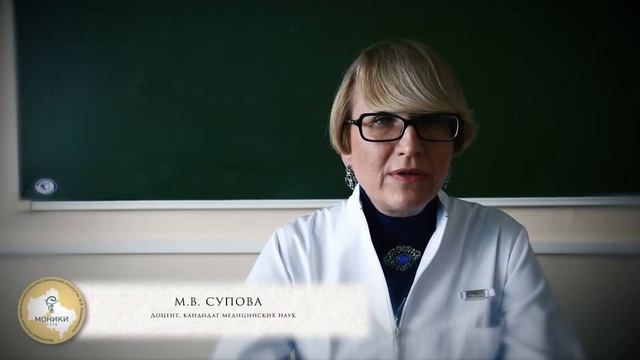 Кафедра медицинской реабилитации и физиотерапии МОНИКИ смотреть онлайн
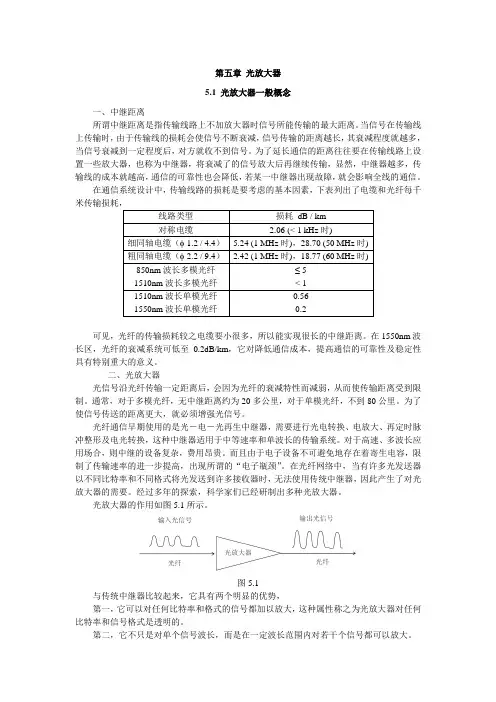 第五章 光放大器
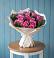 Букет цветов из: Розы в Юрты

* [THE PROBLEM]: No pictures, please. Output the listing above exactly as it stands.

* [ANSWER SPACE]:
 Кафедра медицинской реабилитации и физиотерапии МОНИКИ смотреть онлайн
 第五章 光放大器
 Букет цветов из: Розы в Юрты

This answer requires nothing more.